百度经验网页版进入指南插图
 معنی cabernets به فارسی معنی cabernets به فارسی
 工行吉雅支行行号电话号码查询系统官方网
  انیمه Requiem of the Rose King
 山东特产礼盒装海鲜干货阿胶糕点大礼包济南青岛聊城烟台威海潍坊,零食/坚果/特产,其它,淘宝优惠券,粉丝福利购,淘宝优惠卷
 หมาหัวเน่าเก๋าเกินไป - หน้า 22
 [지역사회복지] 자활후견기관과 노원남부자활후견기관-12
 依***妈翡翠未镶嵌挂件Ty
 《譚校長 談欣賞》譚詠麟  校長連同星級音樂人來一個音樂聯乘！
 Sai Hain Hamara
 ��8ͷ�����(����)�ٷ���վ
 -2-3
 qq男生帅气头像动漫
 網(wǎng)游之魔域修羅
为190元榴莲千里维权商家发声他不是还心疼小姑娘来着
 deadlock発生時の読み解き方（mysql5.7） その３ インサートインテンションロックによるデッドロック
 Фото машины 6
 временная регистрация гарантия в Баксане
○ ○ ○
* [Exercise goal]
A word-for-word restatement of the records above from the line containing "山东特产礼盒装海鲜干货阿胶糕" to their final line is all the answer should hold.

* [Finished exercise]
 山东特产礼盒装海鲜干货阿胶糕点大礼包济南青岛聊城烟台威海潍坊,零食/坚果/特产,其它,淘宝优惠券,粉丝福利购,淘宝优惠卷
 หมาหัวเน่าเก๋าเกินไป - หน้า 22
 [지역사회복지] 자활후견기관과 노원남부자활후견기관-12
 依***妈翡翠未镶嵌挂件Ty
 《譚校長 談欣賞》譚詠麟  校長連同星級音樂人來一個音樂聯乘！
 Sai Hain Hamara
 ��8ͷ�����(����)�ٷ���վ
 -2-3
 qq男生帅气头像动漫
 網(wǎng)游之魔域修羅
为190元榴莲千里维权商家发声他不是还心疼小姑娘来着
 deadlock発生時の読み解き方（mysql5.7） その３ インサートインテンションロックによるデッドロック
 Фото машины 6
 временная регистрация гарантия в Баксане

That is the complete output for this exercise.